## MATERIAL FOR THE TASK
-=-=-

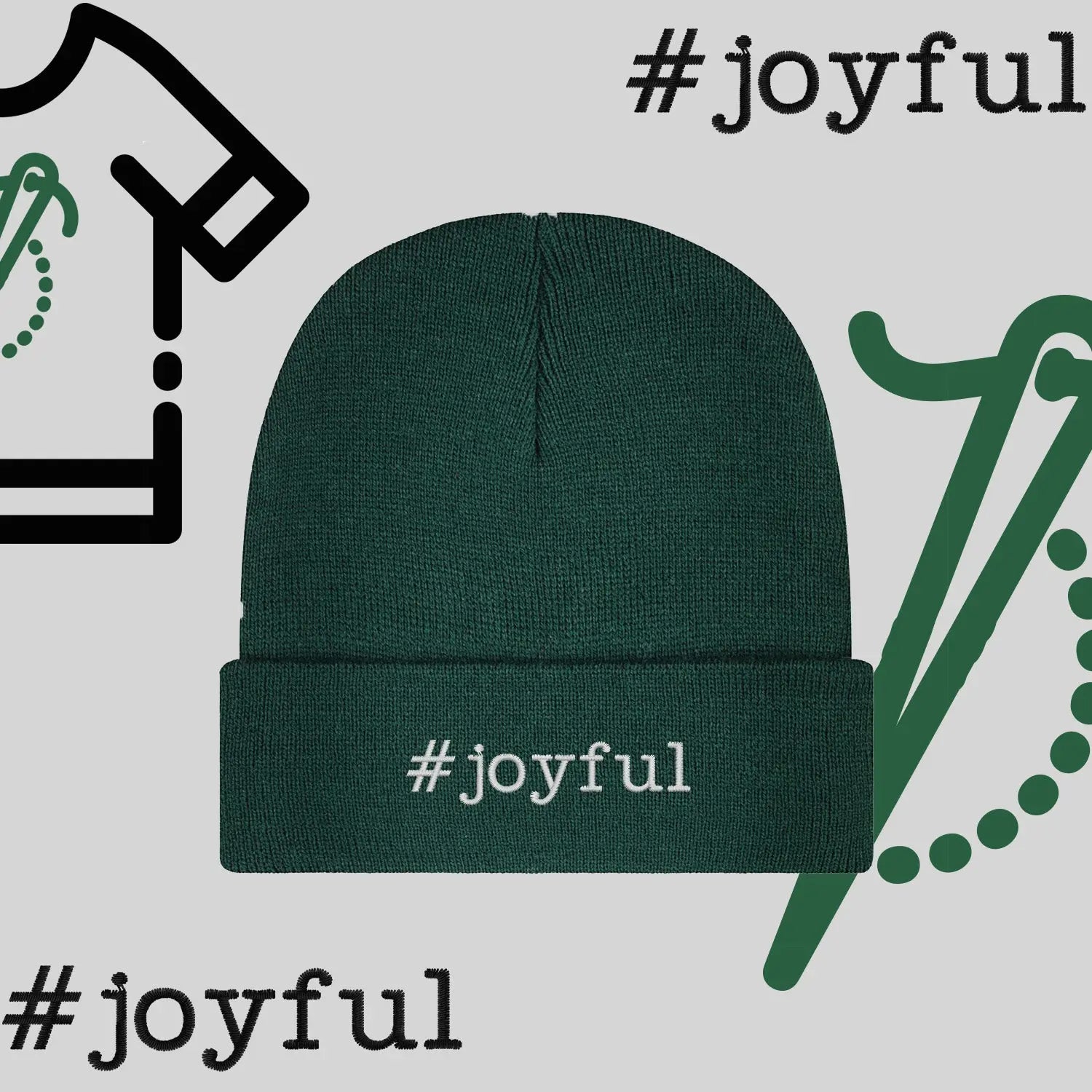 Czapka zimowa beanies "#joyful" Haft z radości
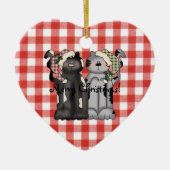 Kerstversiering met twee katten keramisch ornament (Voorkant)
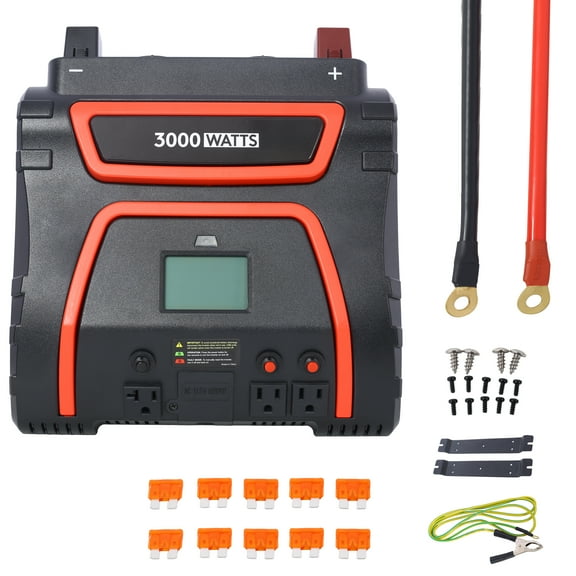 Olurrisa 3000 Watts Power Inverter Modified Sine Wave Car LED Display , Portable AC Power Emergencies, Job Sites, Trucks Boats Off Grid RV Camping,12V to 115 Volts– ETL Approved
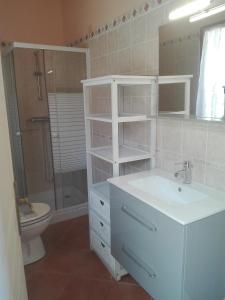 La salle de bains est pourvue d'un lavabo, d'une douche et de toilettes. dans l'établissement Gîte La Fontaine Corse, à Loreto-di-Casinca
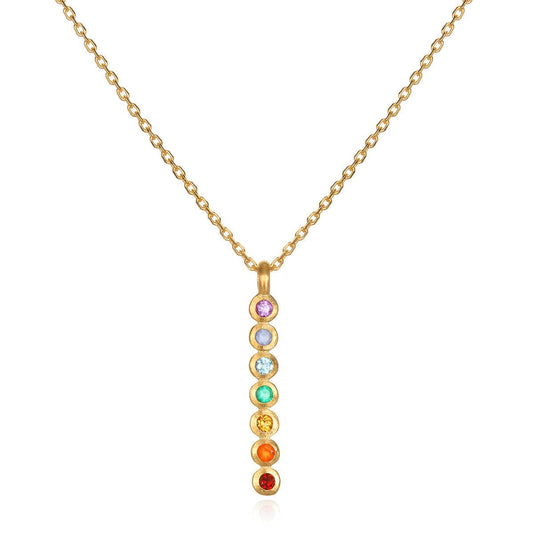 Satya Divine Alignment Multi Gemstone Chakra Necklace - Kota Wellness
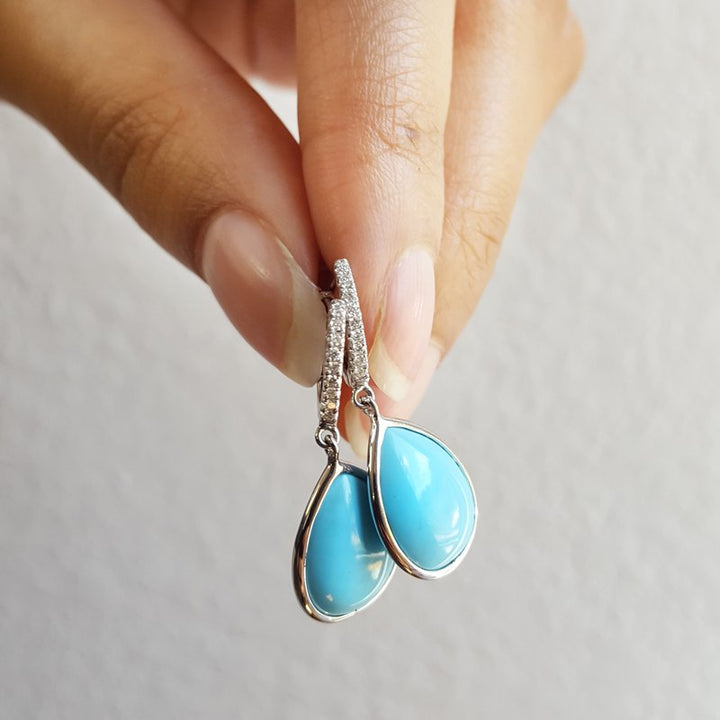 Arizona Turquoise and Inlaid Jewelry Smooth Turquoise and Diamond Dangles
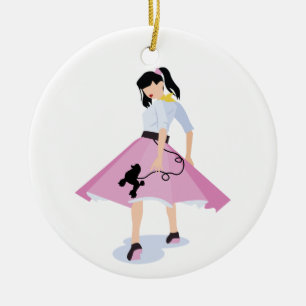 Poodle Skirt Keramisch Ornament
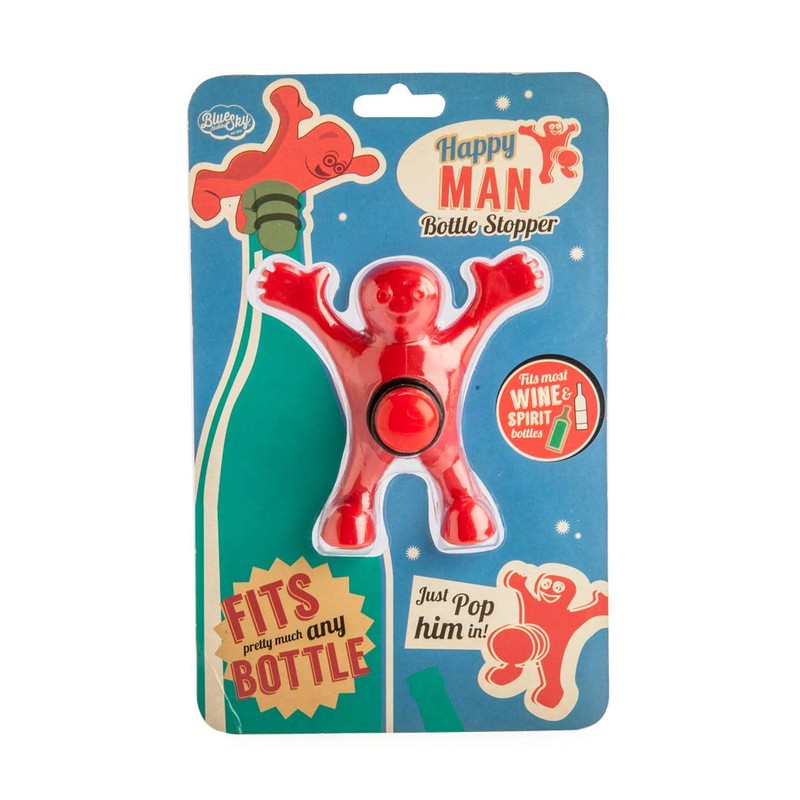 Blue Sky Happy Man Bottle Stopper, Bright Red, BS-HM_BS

-=-=-

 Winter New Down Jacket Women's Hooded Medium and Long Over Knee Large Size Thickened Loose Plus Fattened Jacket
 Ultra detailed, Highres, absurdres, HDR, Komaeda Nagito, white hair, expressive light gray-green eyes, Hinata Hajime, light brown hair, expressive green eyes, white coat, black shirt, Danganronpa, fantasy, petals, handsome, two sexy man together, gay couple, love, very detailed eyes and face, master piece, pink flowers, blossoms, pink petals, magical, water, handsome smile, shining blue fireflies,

-=-=-

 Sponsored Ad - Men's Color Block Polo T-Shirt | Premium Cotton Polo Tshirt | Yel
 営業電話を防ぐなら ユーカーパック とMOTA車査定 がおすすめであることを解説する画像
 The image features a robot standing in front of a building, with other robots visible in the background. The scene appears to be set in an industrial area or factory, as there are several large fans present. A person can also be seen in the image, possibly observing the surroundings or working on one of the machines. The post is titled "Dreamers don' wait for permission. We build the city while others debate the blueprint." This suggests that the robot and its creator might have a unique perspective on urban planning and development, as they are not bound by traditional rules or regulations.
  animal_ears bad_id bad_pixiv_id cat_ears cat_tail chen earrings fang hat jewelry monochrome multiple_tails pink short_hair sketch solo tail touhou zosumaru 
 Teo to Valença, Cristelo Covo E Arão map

-=-=-

## WHAT IS REQUIRED
Starting at the line that has "Sponsored Ad - Men's" in the records above, restate word for word every line until the one that has "Teo to Valença, Cristelo Covo E Arão map", and include that one as well.

## TASK SOLUTION
 Sponsored Ad - Men's Color Block Polo T-Shirt | Premium Cotton Polo Tshirt | Yel
 営業電話を防ぐなら ユーカーパック とMOTA車査定 がおすすめであることを解説する画像
 The image features a robot standing in front of a building, with other robots visible in the background. The scene appears to be set in an industrial area or factory, as there are several large fans present. A person can also be seen in the image, possibly observing the surroundings or working on one of the machines. The post is titled "Dreamers don' wait for permission. We build the city while others debate the blueprint." This suggests that the robot and its creator might have a unique perspective on urban planning and development, as they are not bound by traditional rules or regulations.
  animal_ears bad_id bad_pixiv_id cat_ears cat_tail chen earrings fang hat jewelry monochrome multiple_tails pink short_hair sketch solo tail touhou zosumaru 
 Teo to Valença, Cristelo Covo E Arão map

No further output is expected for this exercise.